**Provided records:**
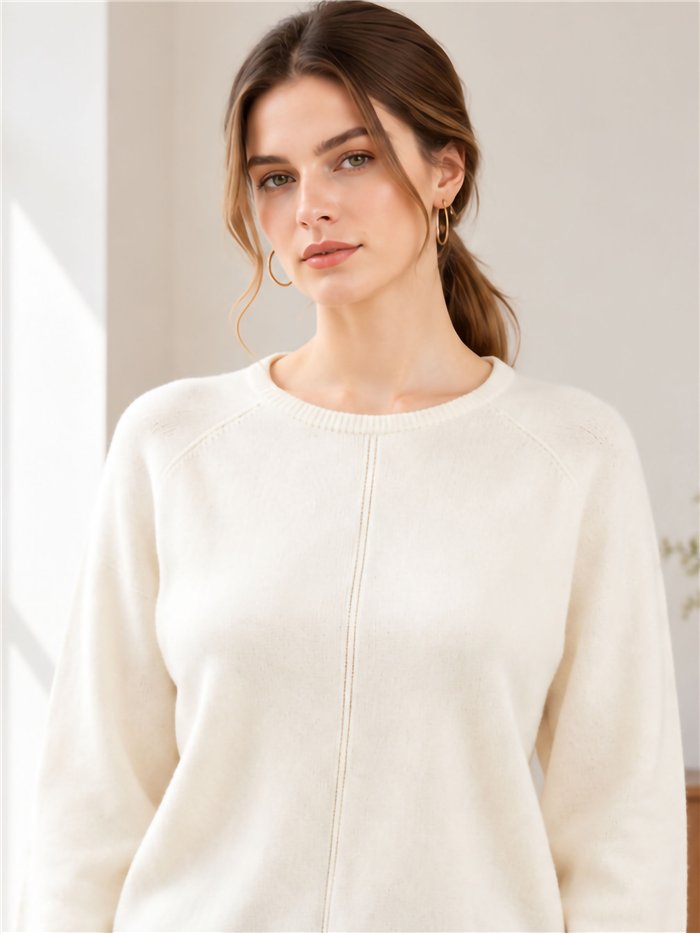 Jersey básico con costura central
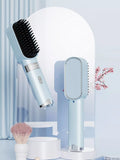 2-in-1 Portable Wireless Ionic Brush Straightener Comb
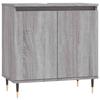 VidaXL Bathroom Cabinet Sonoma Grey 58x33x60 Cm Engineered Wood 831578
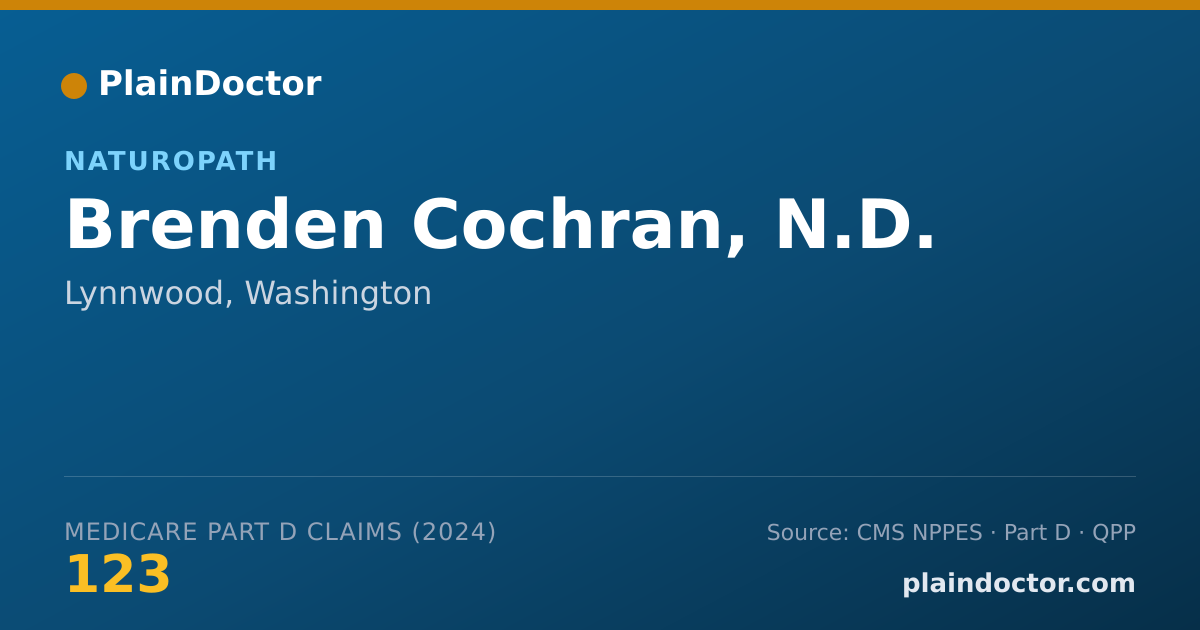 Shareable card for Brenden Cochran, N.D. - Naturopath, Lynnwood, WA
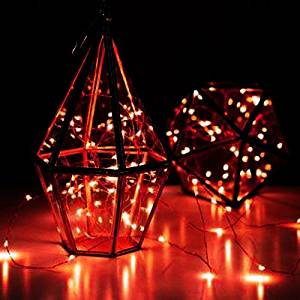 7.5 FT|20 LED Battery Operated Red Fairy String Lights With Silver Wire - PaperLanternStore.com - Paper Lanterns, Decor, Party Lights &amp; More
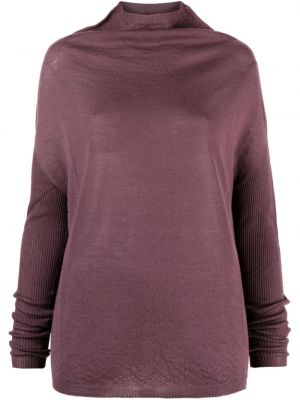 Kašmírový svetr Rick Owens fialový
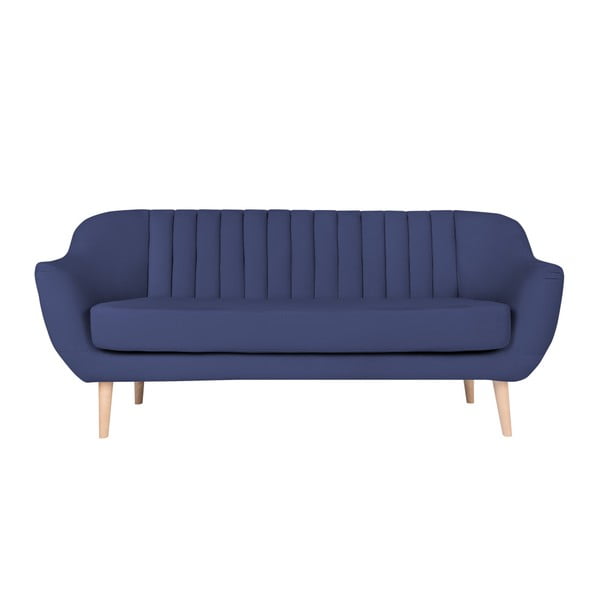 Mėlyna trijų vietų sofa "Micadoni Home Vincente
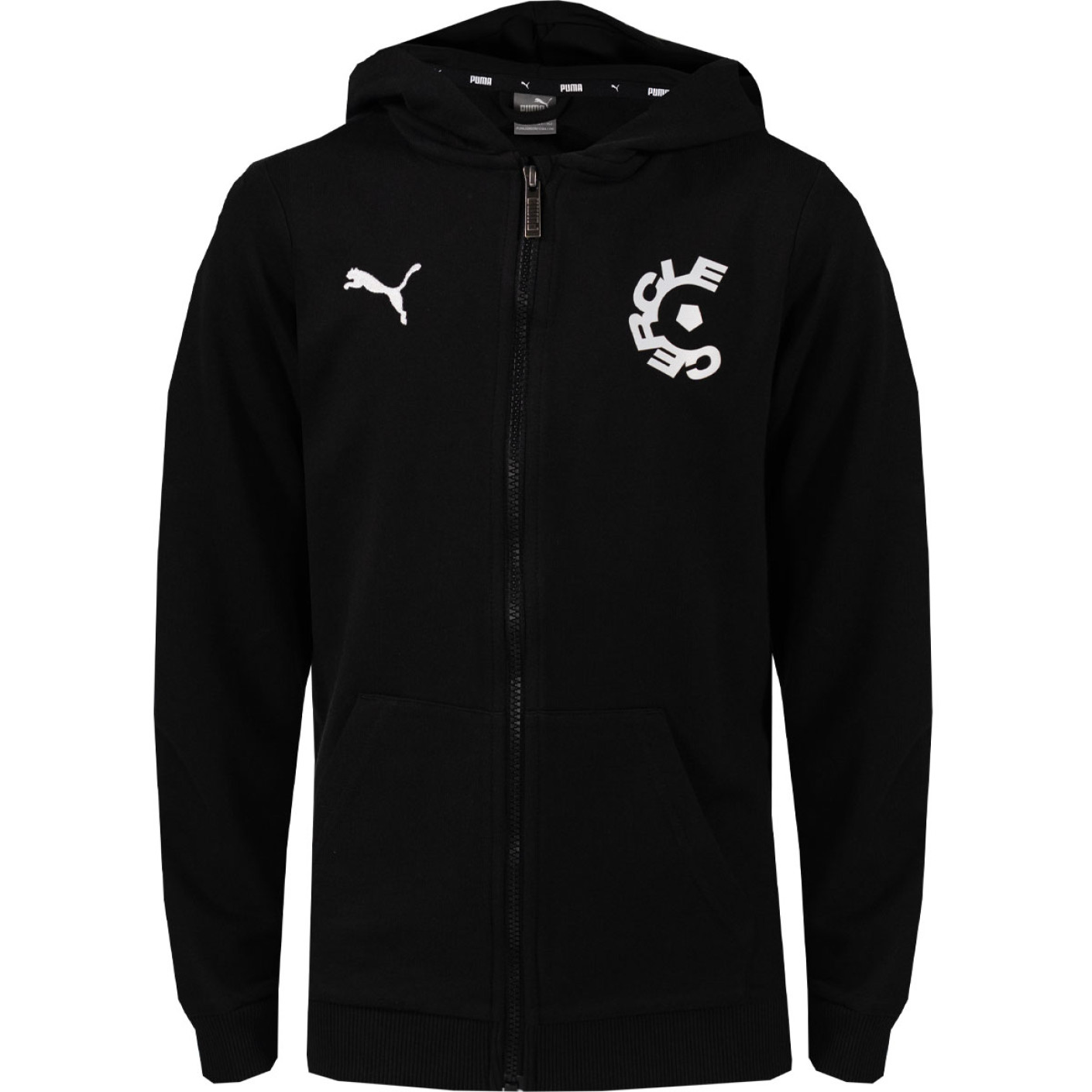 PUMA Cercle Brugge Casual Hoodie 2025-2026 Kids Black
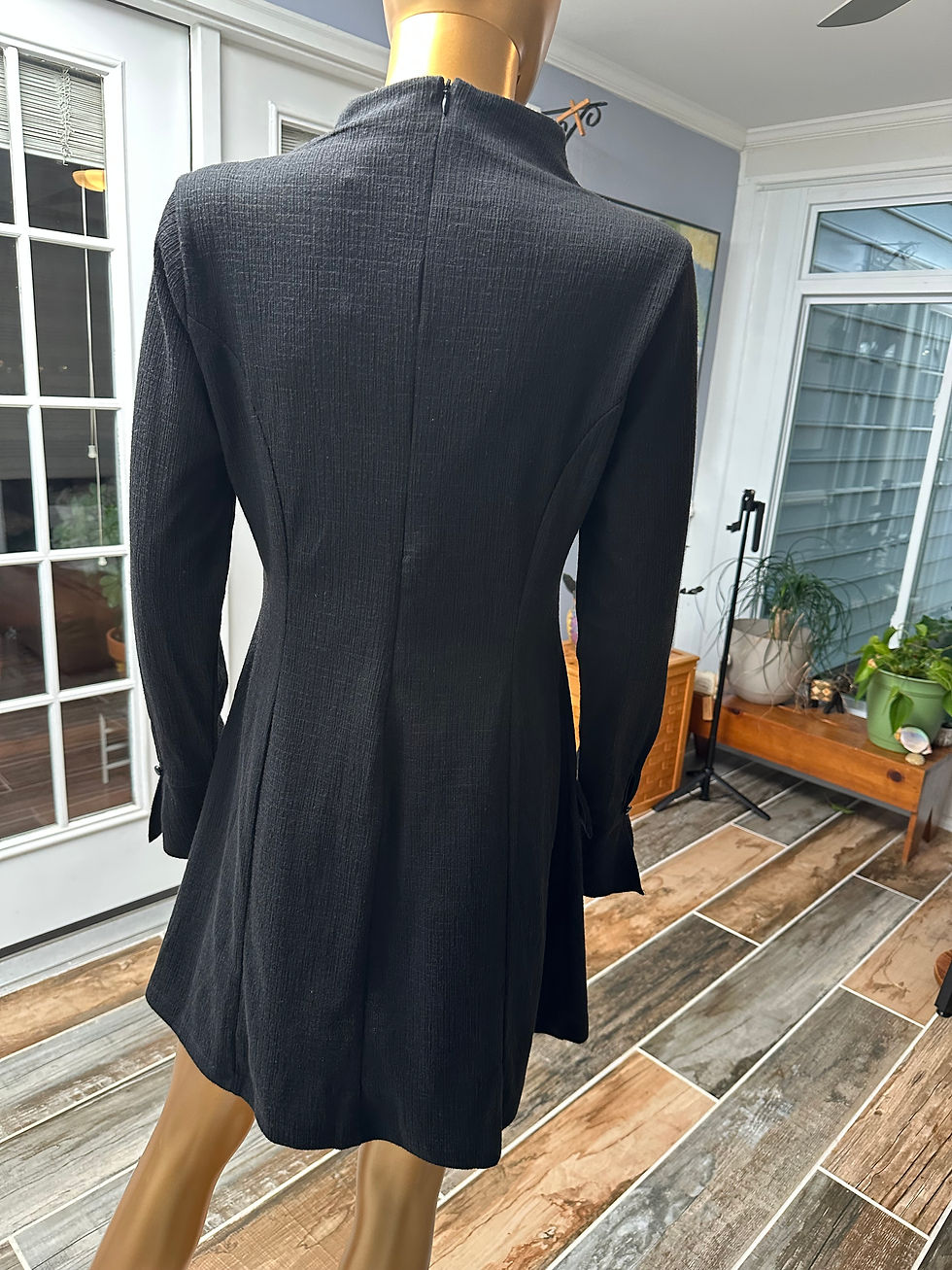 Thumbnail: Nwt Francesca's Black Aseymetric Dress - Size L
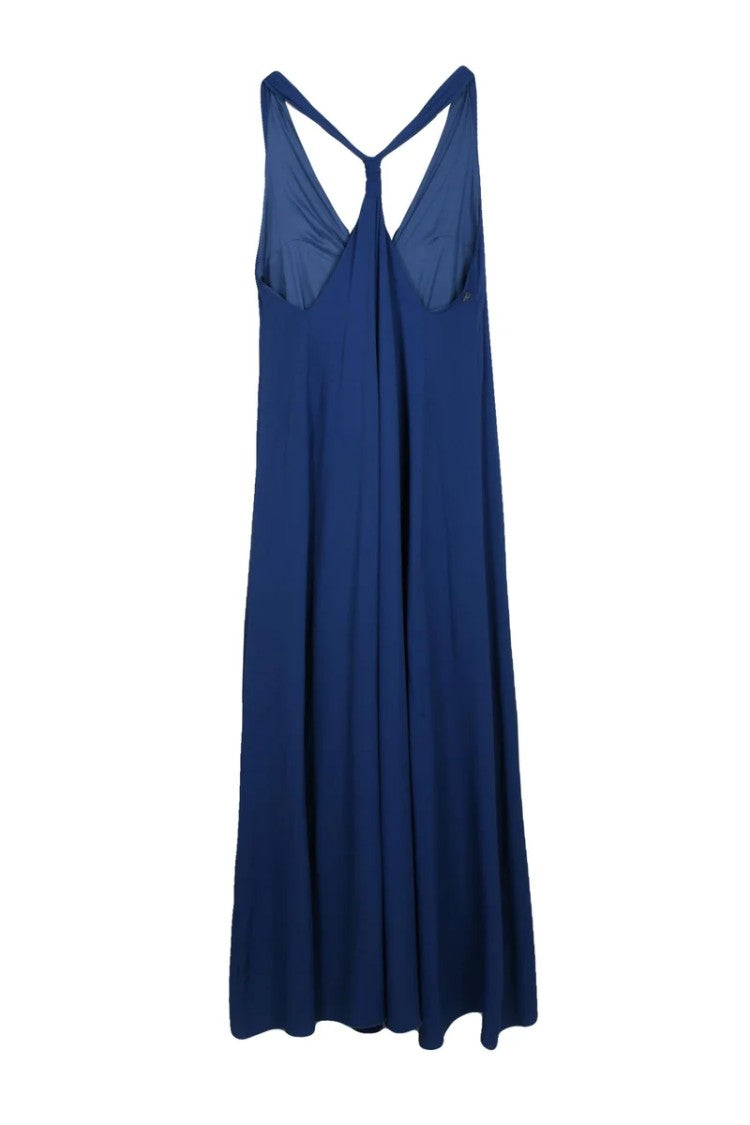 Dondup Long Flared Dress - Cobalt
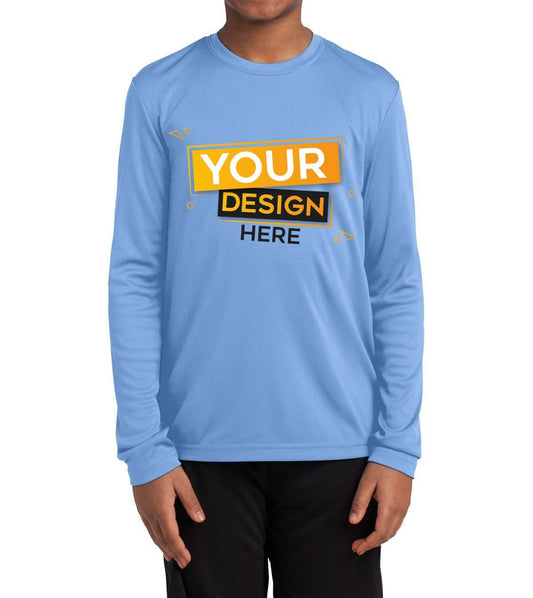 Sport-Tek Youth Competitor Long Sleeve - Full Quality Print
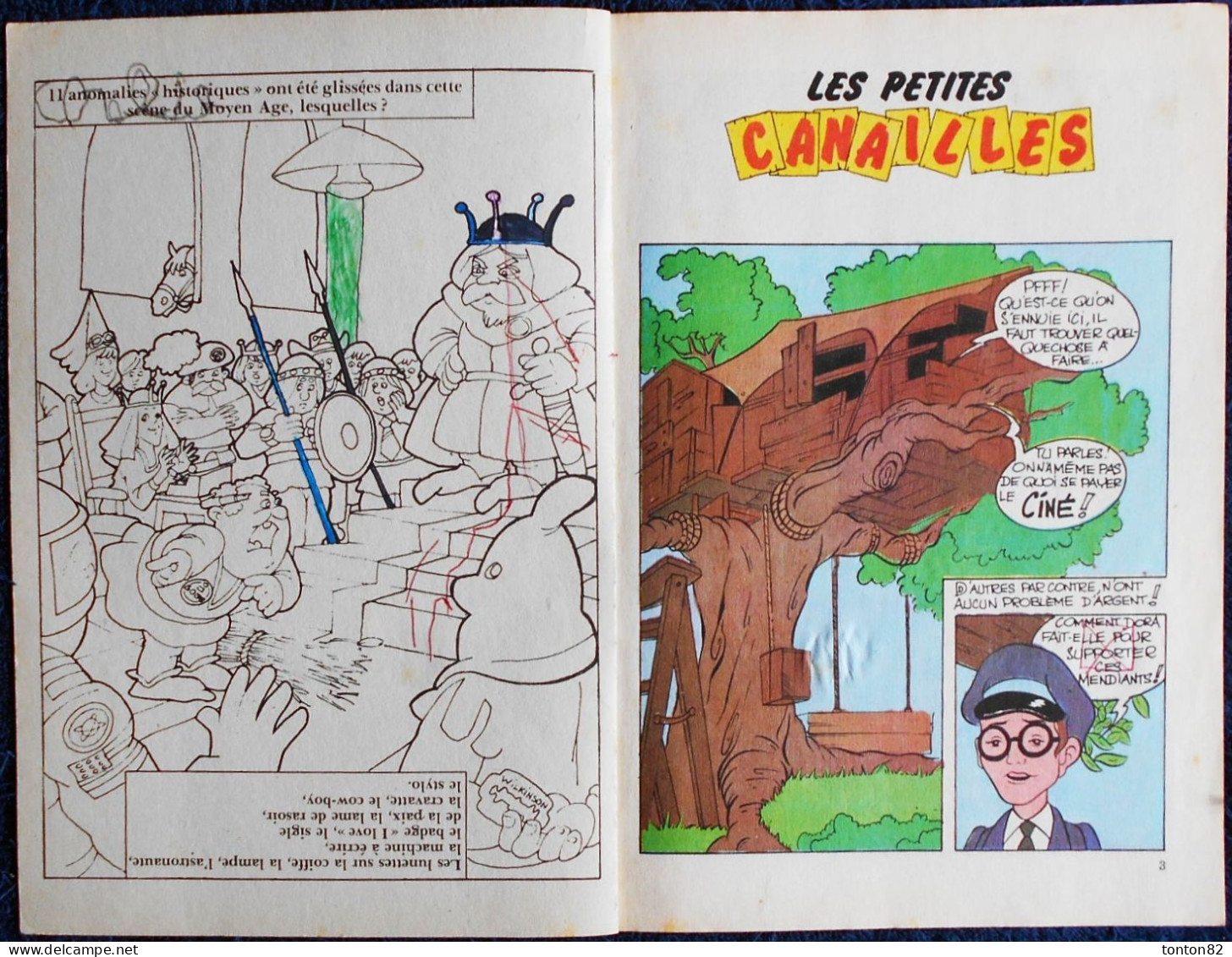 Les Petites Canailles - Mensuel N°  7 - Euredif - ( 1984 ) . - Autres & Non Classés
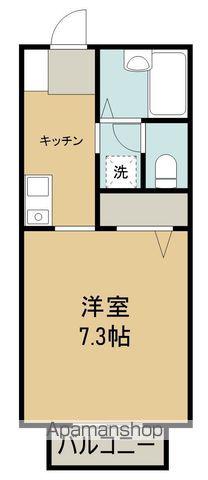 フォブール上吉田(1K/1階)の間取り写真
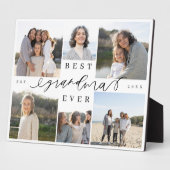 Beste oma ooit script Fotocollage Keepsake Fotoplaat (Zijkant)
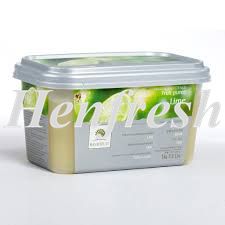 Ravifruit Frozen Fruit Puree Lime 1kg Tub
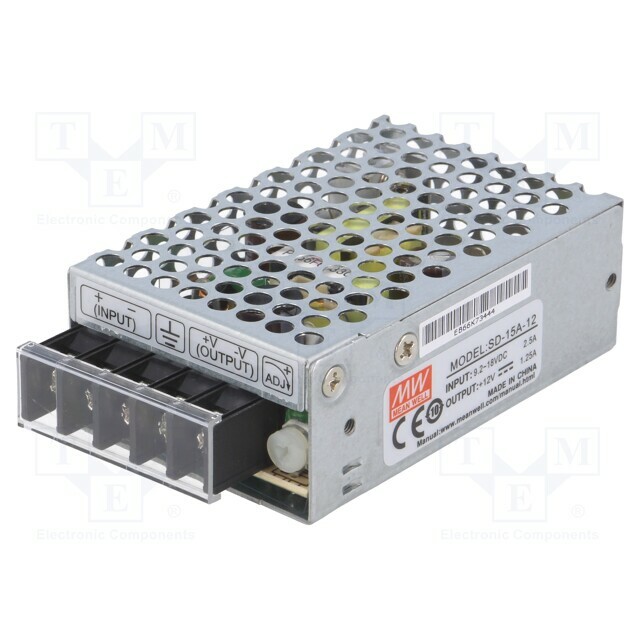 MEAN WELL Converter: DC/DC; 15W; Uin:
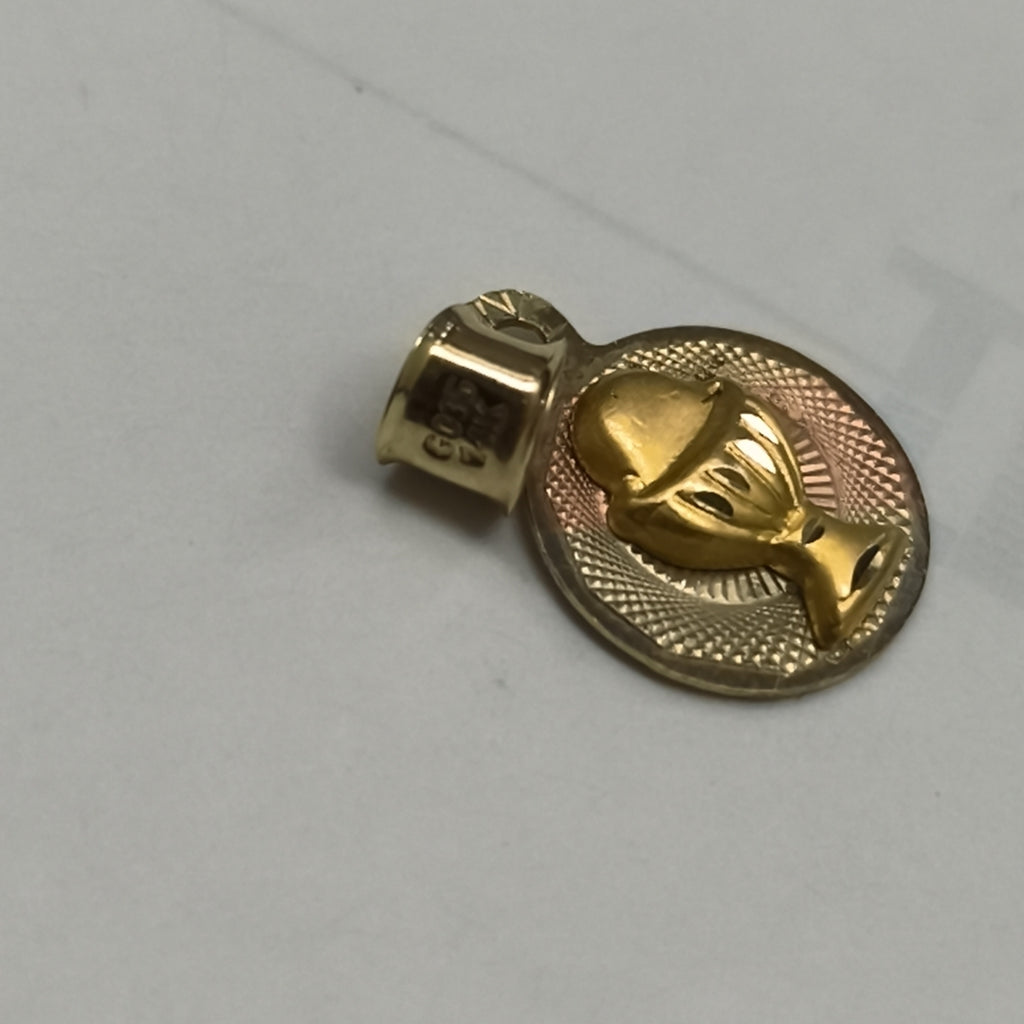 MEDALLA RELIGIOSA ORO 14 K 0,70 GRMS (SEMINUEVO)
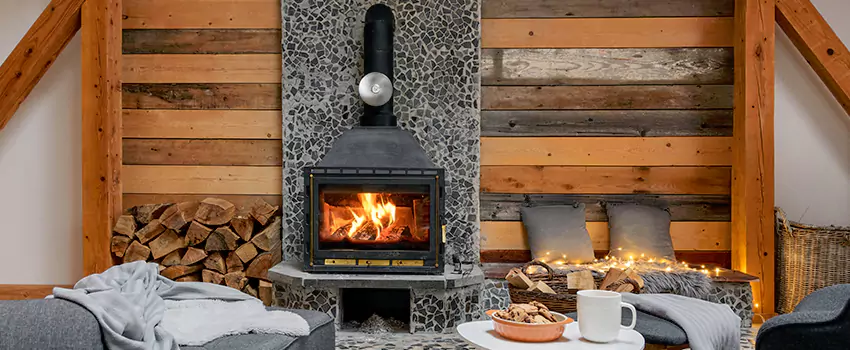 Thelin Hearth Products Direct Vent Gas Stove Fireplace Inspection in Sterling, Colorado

**What needs to be done:** In the listing above, retype exactly, and only, the lines from the one containing "Kašmírový svetr Rick Owens fialový" through the last line, both included. Omit the pictures.

**Worked solution:**
 Kašmírový svetr Rick Owens fialový
 Mėlyna trijų vietų sofa "Micadoni Home Vincente
 PUMA Cercle Brugge Casual Hoodie 2025-2026 Kids Black
 Thumbnail: Nwt Francesca's Black Aseymetric Dress - Size L
 Dondup Long Flared Dress - Cobalt
 Sport-Tek Youth Competitor Long Sleeve - Full Quality Print
 Les Petites Canailles - Mensuel N°  7 - Euredif - ( 1984 ) . - Autres & Non Classés
 フォブール上吉田(1K/1階)の間取り写真
 Beste oma ooit script Fotocollage Keepsake Fotoplaat (Zijkant)
 Ravifruit Frozen Fruit Puree Lime 1kg Tub
 MEAN WELL Converter: DC/DC; 15W; Uin:
 MEDALLA RELIGIOSA ORO 14 K 0,70 GRMS (SEMINUEVO)
 Thelin Hearth Products Direct Vent Gas Stove Fireplace Inspection in Sterling, Colorado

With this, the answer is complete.